He Himself refers to our Lord Jesus.
Is the propitiation refers to Jesus being the means of salvation.
For our sins refers to John's intended audience of born anew believers.
Jesus is also the means of salvation for the whole world, all humankind. Everyone God places into Christ spiritually is saved, and everyone not placed into Christ remains unsaved.
 

AustinC

Well-Known Member
Returning to the actual topic:
1 John 2:2 NASB
and He Himself is the propitiation for our sins; and not for ours only, but also for the sins of the whole world.

He Himself refers to our Lord Jesus.
Is the propitiation refers to Jesus being the means of salvation.
For our sins refers to John's intended audience of born anew believers.
Jesus is also the means of salvation for the whole world, all humankind. Everyone God places into Christ spiritually is saved, and everyone not placed into Christ remains unsaved.

The bolded is universalism.

The italics is an assertion not expressed in 1 John 2:2.

1 John 2:1-3
My little children, I am writing these things to you so that you may not sin. But if anyone does sin, we have an advocate with the Father, Jesus Christ the righteous. He is the propitiation for our sins, and not for ours only but also for the sins of the whole world. And by this we know that we have come to know him, if we keep his commandments.

In looking at this passage there are two choices.
1) Jesus is an advocate and propitiation for John's readers, who are Christians, and for all Christians in the world.
2) Jesus is an advocate and propitiation for all humans throughout the entire world.

"Everyone God places into Christ spiritually is saved, and everyone not placed into Christ remains unsaved" is not expressed anywhere in this passage, therefore if we are only addressing this passage, that statement is not supported in the text.
 

Reformed1689

Well-Known Member
how does this even deal with the OP? JM is a Calvinist and can only respond like one. His words quoted are his "theology", and then taking the Scriptures to force them to agree with this!
So you automatically write him off because he is a Calvinist? Who really has the bias here?
 

SavedByGrace

Well-Known Member
So you automatically write him off because he is a Calvinist? Who really has the bias here?

like you and some others on here, JM is viewing salvation as a Calvinist first. There is no way that any honest Christian, without any theological bias, can take the OP, with 5:18-19, to mean anything other than the fact, that Jesus Christ IS the sin offering for every single human being. I have already shown from Luke 22, that Jesus told Judas, that He was going to the cross for his sins also. Yet again, personal theology insists that this is not true!
 

SavedByGrace

Well-Known Member
Asked and answered. The word is a noun, thus we are chosen for salvation through or by reason of faith in the truth, a conditional election. I am not trying to prove this, I am just pointing to the verse and reading it. But I am not reading the NIV, ESV, or NLT as they mistranslate the verse to hide the fact that our election to salvation is conditional.
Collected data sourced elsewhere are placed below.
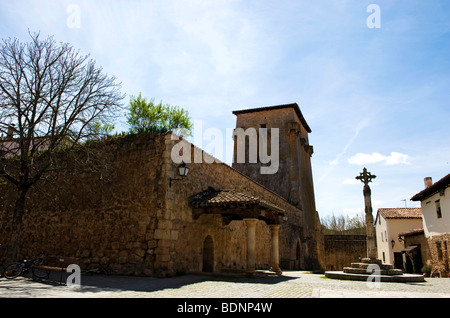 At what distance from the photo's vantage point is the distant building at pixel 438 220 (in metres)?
16.0

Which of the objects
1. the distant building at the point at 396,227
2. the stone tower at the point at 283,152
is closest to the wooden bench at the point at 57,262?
the stone tower at the point at 283,152

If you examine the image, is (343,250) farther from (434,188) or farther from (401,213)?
(434,188)

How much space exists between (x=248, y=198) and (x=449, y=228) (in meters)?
12.0

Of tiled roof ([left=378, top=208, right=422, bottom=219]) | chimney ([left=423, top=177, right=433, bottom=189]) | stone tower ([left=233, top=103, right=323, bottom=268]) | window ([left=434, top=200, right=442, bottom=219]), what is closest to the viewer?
window ([left=434, top=200, right=442, bottom=219])

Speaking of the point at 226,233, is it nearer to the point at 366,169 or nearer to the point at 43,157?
the point at 366,169

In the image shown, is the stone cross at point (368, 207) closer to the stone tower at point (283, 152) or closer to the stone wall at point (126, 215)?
the stone wall at point (126, 215)

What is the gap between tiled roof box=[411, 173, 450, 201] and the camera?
15.5 meters

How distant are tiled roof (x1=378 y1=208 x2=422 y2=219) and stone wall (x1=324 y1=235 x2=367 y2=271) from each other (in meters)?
3.21

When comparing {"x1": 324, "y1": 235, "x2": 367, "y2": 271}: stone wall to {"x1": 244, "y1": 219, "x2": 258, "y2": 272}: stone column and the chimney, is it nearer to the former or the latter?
the chimney

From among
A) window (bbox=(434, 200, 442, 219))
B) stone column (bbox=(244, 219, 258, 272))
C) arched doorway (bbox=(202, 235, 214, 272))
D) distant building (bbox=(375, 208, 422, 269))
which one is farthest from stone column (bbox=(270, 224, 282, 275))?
distant building (bbox=(375, 208, 422, 269))

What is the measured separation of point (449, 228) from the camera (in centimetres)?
1585

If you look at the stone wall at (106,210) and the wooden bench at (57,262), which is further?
the stone wall at (106,210) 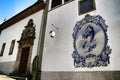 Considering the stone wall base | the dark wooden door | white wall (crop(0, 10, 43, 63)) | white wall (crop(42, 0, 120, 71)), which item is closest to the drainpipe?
white wall (crop(42, 0, 120, 71))

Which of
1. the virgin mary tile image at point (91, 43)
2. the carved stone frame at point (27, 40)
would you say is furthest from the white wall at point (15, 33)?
the virgin mary tile image at point (91, 43)

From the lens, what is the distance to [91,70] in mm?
5086

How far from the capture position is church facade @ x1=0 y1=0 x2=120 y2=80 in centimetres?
491

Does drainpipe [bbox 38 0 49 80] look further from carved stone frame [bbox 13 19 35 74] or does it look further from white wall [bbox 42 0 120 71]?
carved stone frame [bbox 13 19 35 74]

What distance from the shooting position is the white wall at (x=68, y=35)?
15.7ft

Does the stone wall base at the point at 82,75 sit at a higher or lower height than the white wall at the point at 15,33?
lower

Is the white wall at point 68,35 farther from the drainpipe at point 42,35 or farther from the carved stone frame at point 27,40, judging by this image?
the carved stone frame at point 27,40

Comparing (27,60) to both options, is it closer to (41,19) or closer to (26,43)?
(26,43)

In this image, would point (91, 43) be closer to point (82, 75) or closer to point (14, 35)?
point (82, 75)

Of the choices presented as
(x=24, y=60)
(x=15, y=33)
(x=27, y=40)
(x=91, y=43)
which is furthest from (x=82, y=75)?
(x=15, y=33)

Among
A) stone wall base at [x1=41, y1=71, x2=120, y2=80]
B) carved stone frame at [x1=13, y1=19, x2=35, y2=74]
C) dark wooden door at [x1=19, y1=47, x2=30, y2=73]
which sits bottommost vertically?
stone wall base at [x1=41, y1=71, x2=120, y2=80]

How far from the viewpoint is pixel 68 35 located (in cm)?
645

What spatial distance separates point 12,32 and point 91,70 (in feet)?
30.1

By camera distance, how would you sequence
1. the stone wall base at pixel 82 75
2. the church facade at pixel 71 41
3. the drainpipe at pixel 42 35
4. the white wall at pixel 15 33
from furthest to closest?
the white wall at pixel 15 33
the drainpipe at pixel 42 35
the church facade at pixel 71 41
the stone wall base at pixel 82 75
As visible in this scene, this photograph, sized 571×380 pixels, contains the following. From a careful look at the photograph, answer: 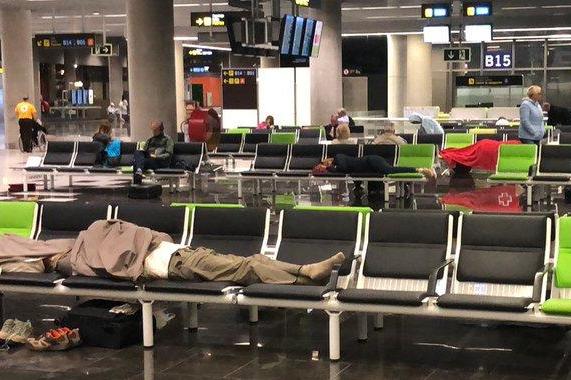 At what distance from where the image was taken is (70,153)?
18.3m

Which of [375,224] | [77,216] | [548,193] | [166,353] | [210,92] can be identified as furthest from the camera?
[210,92]

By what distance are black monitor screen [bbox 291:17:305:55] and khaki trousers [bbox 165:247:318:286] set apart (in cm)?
1323

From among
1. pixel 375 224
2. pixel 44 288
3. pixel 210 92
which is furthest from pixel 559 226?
pixel 210 92

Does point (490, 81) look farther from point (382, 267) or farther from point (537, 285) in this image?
point (537, 285)

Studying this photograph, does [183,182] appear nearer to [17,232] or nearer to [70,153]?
[70,153]

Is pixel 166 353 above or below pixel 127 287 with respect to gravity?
below

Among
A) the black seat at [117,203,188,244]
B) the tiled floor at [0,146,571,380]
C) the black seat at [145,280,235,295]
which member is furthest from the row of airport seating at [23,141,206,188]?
the black seat at [145,280,235,295]

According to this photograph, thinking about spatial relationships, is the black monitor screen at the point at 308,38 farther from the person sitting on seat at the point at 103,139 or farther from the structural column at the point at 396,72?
the structural column at the point at 396,72

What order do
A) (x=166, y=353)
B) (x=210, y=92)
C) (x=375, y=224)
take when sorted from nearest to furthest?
(x=166, y=353) < (x=375, y=224) < (x=210, y=92)

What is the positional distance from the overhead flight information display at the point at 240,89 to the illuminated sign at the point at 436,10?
686cm

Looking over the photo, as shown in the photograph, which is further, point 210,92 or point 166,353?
point 210,92

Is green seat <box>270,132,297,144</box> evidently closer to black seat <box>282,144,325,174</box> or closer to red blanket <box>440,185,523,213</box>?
black seat <box>282,144,325,174</box>

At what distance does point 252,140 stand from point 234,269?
525 inches

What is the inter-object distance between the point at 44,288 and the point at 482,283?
3283 mm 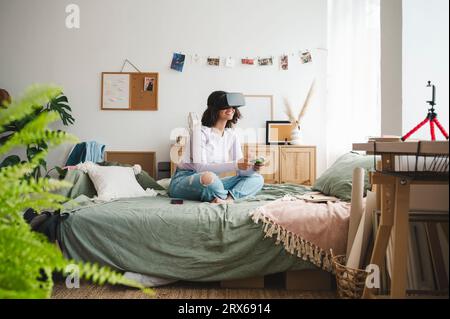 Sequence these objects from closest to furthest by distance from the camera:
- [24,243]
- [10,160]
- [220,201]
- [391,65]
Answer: [24,243] < [391,65] < [220,201] < [10,160]

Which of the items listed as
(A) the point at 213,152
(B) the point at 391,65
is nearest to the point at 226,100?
(A) the point at 213,152

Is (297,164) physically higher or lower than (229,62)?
lower

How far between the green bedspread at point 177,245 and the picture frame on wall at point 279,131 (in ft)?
6.80

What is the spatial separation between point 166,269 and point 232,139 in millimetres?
1165

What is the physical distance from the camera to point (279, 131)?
3875mm

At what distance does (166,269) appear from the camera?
1855 mm

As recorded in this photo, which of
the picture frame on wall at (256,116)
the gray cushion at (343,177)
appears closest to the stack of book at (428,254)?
the gray cushion at (343,177)

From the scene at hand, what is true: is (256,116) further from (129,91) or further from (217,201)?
(217,201)

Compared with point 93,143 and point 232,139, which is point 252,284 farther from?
point 93,143

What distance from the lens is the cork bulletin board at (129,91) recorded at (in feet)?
12.9

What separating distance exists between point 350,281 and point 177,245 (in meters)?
0.81

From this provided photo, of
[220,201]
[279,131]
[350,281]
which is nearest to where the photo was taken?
[350,281]

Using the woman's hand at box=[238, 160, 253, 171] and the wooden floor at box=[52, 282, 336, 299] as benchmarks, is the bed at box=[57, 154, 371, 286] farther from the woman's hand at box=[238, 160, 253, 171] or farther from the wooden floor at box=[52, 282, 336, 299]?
the woman's hand at box=[238, 160, 253, 171] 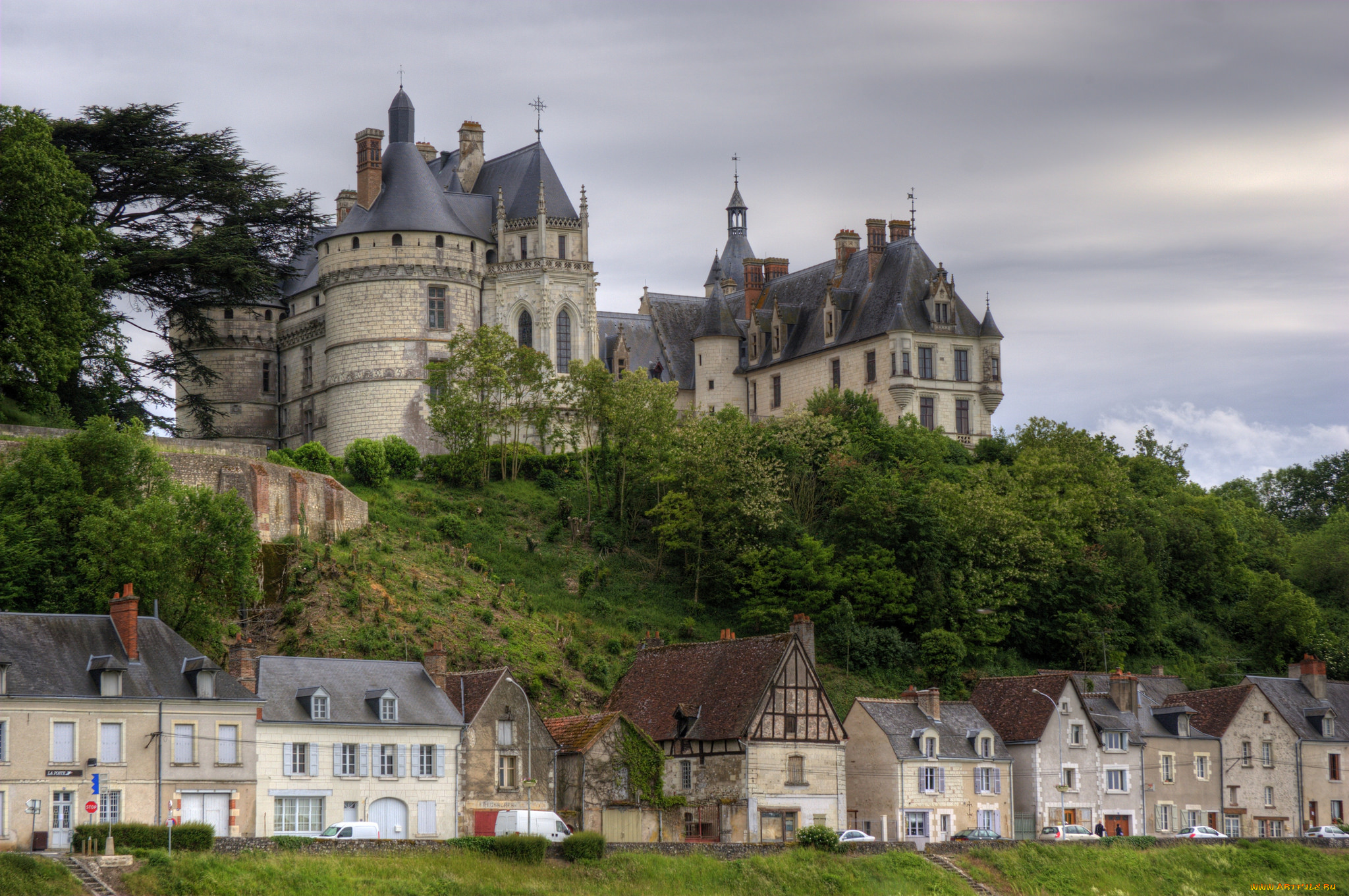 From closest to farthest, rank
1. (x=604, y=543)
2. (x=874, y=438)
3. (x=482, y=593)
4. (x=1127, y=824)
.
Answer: (x=1127, y=824), (x=482, y=593), (x=604, y=543), (x=874, y=438)

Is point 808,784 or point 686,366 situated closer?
point 808,784

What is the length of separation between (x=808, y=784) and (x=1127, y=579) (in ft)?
74.8

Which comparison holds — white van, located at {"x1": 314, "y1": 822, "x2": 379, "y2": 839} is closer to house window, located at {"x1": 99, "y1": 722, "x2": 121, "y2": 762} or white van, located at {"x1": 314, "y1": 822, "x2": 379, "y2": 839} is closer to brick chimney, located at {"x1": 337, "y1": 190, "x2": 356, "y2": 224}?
house window, located at {"x1": 99, "y1": 722, "x2": 121, "y2": 762}

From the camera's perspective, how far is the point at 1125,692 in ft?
170

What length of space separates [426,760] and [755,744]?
800 centimetres

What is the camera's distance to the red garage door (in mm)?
40531

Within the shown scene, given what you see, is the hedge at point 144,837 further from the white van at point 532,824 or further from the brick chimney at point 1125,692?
the brick chimney at point 1125,692

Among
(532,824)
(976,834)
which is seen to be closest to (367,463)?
(532,824)

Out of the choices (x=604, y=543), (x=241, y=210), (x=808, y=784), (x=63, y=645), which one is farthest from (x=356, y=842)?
(x=241, y=210)

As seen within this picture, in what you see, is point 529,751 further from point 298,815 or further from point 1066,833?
point 1066,833

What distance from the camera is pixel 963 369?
72000mm

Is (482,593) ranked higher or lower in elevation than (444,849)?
higher

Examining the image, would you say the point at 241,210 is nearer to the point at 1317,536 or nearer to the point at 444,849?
the point at 444,849

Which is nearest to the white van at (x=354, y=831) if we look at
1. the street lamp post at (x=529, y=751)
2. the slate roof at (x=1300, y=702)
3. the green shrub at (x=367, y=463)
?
the street lamp post at (x=529, y=751) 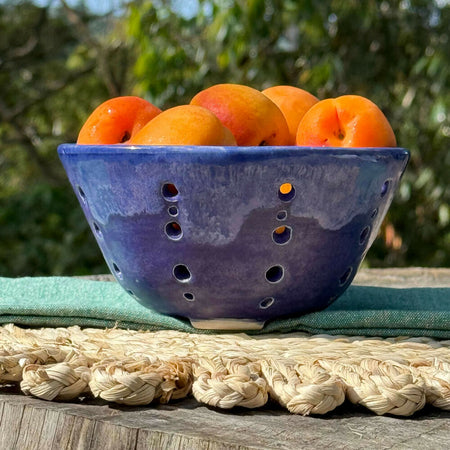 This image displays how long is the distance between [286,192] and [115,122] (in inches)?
9.0

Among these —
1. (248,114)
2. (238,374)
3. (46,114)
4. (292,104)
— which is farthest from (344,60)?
(46,114)

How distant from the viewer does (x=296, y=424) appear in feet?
2.21

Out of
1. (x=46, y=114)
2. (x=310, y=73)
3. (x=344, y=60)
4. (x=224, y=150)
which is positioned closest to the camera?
(x=224, y=150)

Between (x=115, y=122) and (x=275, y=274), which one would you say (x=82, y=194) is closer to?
(x=115, y=122)

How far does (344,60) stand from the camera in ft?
10.7

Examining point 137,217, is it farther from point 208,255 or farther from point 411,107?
point 411,107

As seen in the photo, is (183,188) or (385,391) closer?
(385,391)

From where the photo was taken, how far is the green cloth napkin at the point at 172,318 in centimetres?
98

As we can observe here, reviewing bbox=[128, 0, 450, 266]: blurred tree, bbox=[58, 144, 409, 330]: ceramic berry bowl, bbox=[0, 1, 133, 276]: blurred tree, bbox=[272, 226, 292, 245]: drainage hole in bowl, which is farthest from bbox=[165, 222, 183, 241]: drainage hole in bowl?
bbox=[0, 1, 133, 276]: blurred tree

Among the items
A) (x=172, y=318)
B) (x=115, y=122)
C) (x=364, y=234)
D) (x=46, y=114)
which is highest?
(x=115, y=122)

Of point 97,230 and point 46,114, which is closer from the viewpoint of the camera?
point 97,230

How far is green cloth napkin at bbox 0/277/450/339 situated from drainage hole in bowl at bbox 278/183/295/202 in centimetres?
17

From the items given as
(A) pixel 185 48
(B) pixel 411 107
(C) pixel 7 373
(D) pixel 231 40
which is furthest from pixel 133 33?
(C) pixel 7 373

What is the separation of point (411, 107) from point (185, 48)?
0.95 m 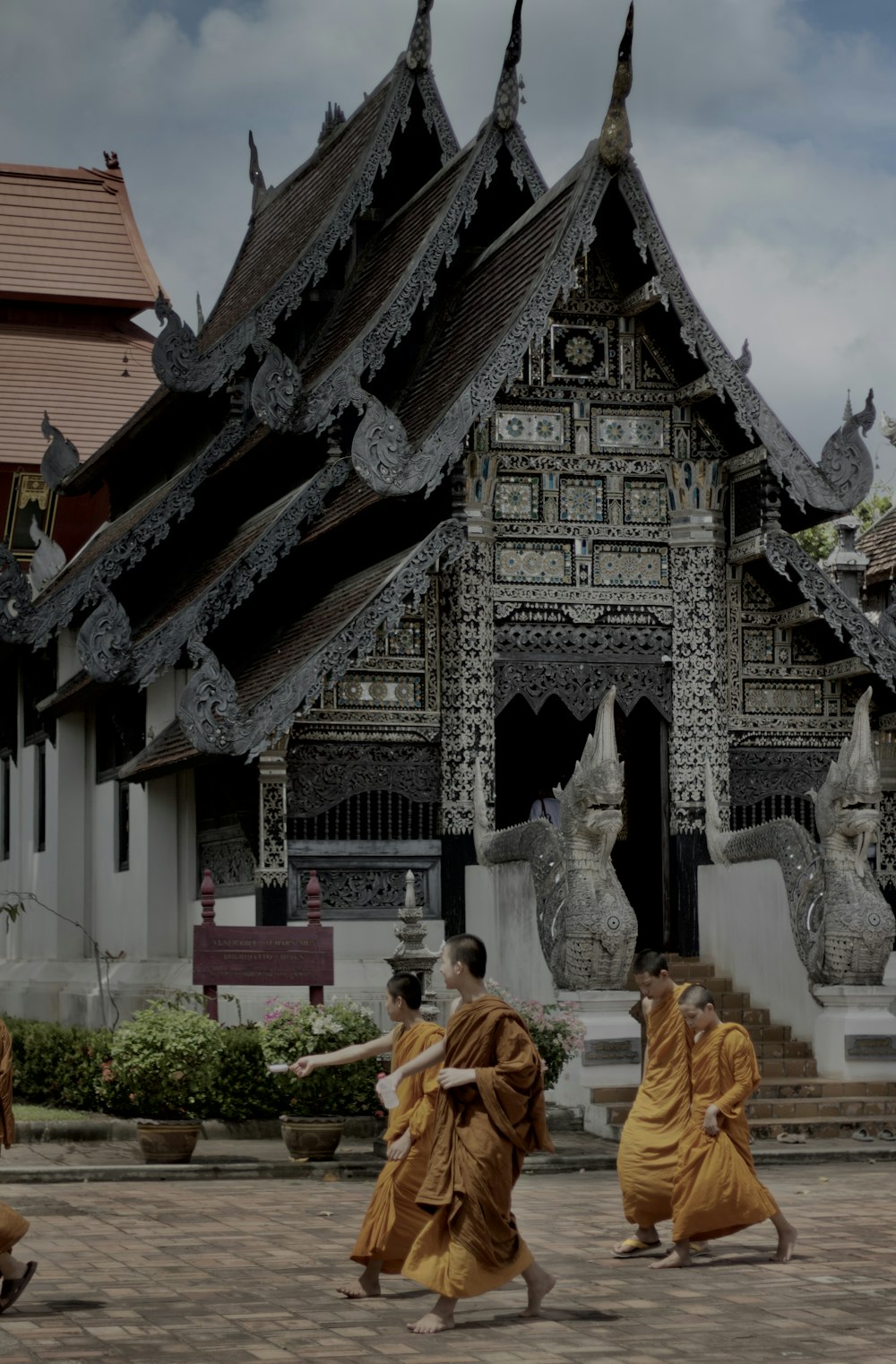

Did you click on the link and see that that source says the word is a noun? Just give me a yes or no.

you don't even understand what this verse is teaching! I have also shown that this reading is faulty!
 

SavedByGrace

Well-Known Member
Non-specific disparagement is the stock and trade of false teachers. Not one example of anything posted that is not spot on.

The folks unable to defend their bogus view try to hide their failure by attacking the messengers of truth.

:Laugh
 

AustinC

Well-Known Member
like you and some others on here, JM is viewing salvation as a Calvinist first. There is no way that any honest Christian, without any theological bias, can take the OP, with 5:18-19, to mean anything other than the fact, that Jesus Christ IS the sin offering for every single human being. I have already shown from Luke 22, that Jesus told Judas, that He was going to the cross for his sins also. Yet again, personal theology insists that this is not true!
Just for the record, your interpretation makes you a universalist.
 

atpollard

Well-Known Member
I have already shown from Luke 22, that Jesus told Judas, that He was going to the cross for his sins also.
I just reread Luke 22 and while Luke clearly recorded the events of the day, he was not careful to record them in chronological order. It seems like he grouped them in a logical thematic order. For example, Judas never left the feast, yet somehow returns later with a group of people. Also they are arguing both “who is greatest” and “who will betray him” after the feast (after the ‘body and blood’ which occurred at the end of the feast).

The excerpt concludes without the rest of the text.